Sağlık Bakanlığı Koronavirüs Bilim Konseyi Üyesi Doç. Dr. Afşin Emre Kayıpmaz, yaptığı açıklamada, kış aylarında kapalı ve kalabalık ortamlarda daha fazla vakit geçirilmesinin enfeksiyon görülme sıklığını da artırdığını vurguladı.
Acil servis müracaatlarında boğaz ağrısı, burun akıntısı, öksürük, ateş, halsizlik üzere şikayetlerin ön plana çıktığını ve hastaların büyük kısmının ayaktan tedavi, konutta istirahatle bu süreci atlattığını anlatan Kayıpmaz, “Şu an hastalığa en çok sebep olan etkenler RSV, gribe yol açan influenza, rhinovirüs ve Kovid-19’a yol açan SARS-CoV-2 virüsü. Hastaların büyük çoğunluğu bu enfeksiyonları ayakta atlatsa da bulaştırıcı olmaya devam ediyor.” sözünü kullandı.
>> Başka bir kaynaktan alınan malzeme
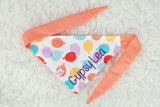 Birthday Balloon Bandana with Blue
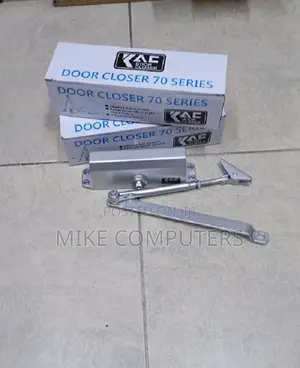 Automatic Hydraulic Door Closer ya Chuma, Fireproof, Adjustable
Kayıpmaz, kelam konusu enfeksiyonların ileri yaşta yahut kronik hastalığı olan bireyler açısından ağır hastalık riski oluşturduğuna dikkati çekerek, kelamlarını şöyle sürdürdü:
*Hastalık belirtisi gösteren şahısların toplu ortamlarda maske takması hastalıkların bulaşmasının önlenmesi açısından kıymet taşıyor.
*Sağlıklı bireylere de tıpkı biçimde kapalı, kalabalık alanlarda bilhassa enfeksiyonların arttığı bu devirlerde maske takmalarını öneriyoruz.
*Hastalıklardan korunmak için kapalı ortamların sık sık havalandırılması, el hijyenine dikkat edilmesi değer taşıyor.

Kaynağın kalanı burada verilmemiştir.